Most experts agree, though, that the main source of oversight needs to come on a hospital level, from physicians themselves.
“Every hospital has to have medical oversight, and every hospital has to have a CV peer-review committee that meets and reviews cases on an individual basis,” O’Neill said.
Notably, this type of peer-review process most likely only works when PCIs are performed at large centers, rather than at small practices where there is not much oversight.

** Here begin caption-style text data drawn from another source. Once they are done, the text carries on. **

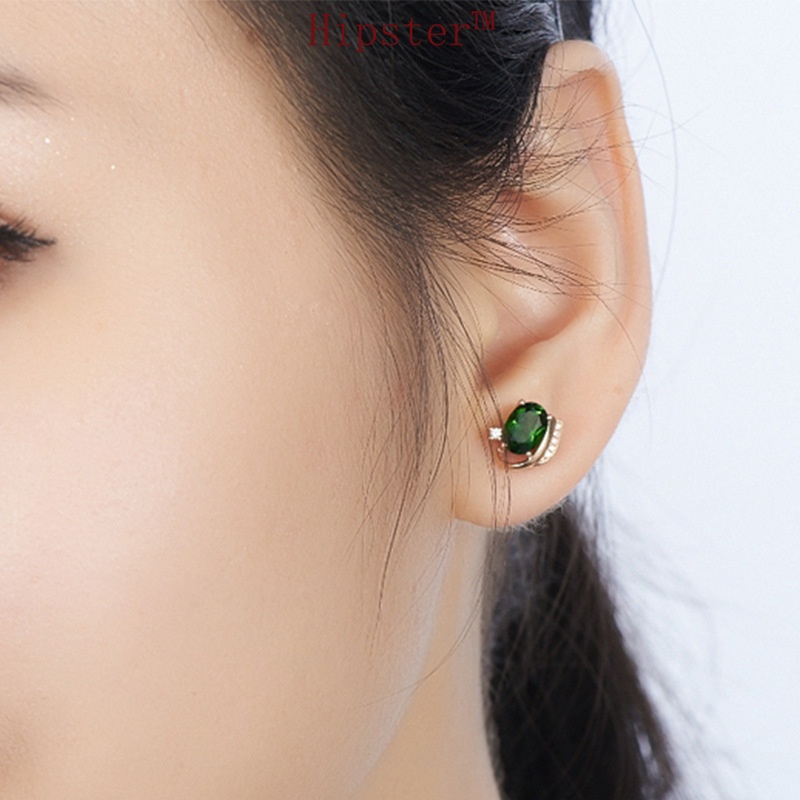 Hot Sale Fashion Classic Retro Colored Gems Crystal Earrings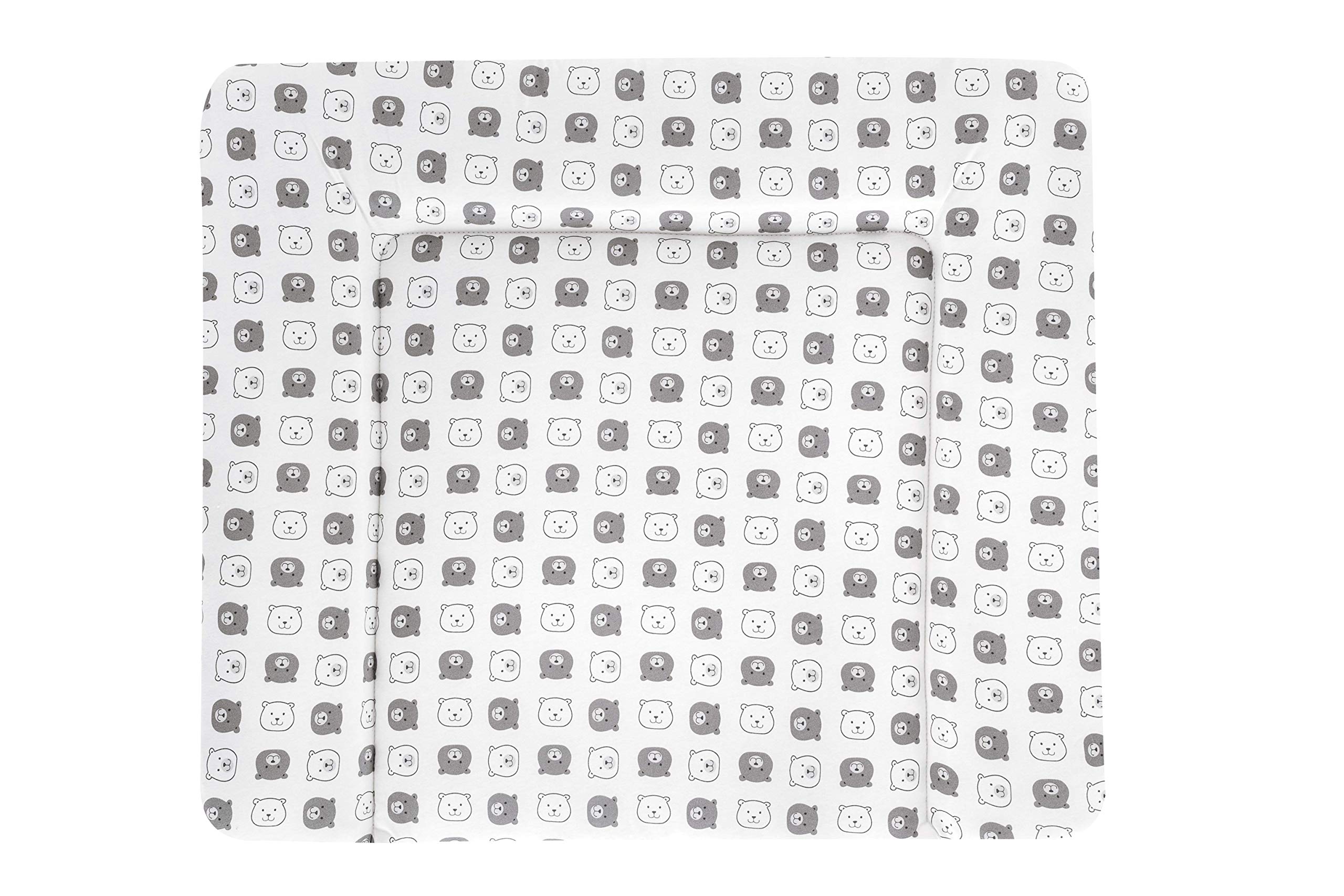 Träumeland TT80211 - Materassino per fasciatoio, senza PVC, motivo orsacchiotto, 75 x 85 cm, multicolore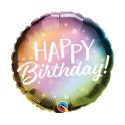 Balon foliowy Happy Birthday 46cm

“When you start spreading these practices out to small hospitals, there really isn’t an adequate peer-review oversight mechanism because those hospitals may have only one or two operators,” O’Neill said. “For the best quality of angioplasty I still think that bigger centers with multiple operators that can police themselves are going to be the best way to go.”
Moving Forward
PCI will continue to be among the most commonly performed procedures in the United States, so cutting down on inappropriate use — both fraudulent and in settings where patients are not likely to feel better or live longer — is increasingly important. Such efforts are necessary, but some say it is worth keeping the problem in perspective.
Stone pointed out that those who receive a stent unnecessarily might make the news, but the opposite problem is as or more important.
“One could make a very strong argument that the major issue surrounding improper stenting, which we should be focusing on, is that for every one case of improper stenting, there are 10 patients who could benefit from revascularization either with stents or surgery that are not being treated because of an inappropriately conservative approach,” he said. – by Dave Levitan
References:
Chan PS. JAMA. 2011;306:53-61.
Lloyd-Jones D. Circulation. 2009;119:e1-e161.
Sen S. J Am Coll Cardiol. 2011;doi:10.1016/j.jacc.2011.11.003.
Tonino PAL. N Engl J Med. 2009;360:213-224.
Disclosure: Dr. Chan reports no relevant financial disclosures; Dr. Kern has spoken on behalf of St. Jude Medical and Volcano Corporation; Dr. O’Neill consults for Medtronic; Dr. Smith consults for Eli Lilly; and Dr. Stone consults for Abbott, Boston Scientific and Medtronic.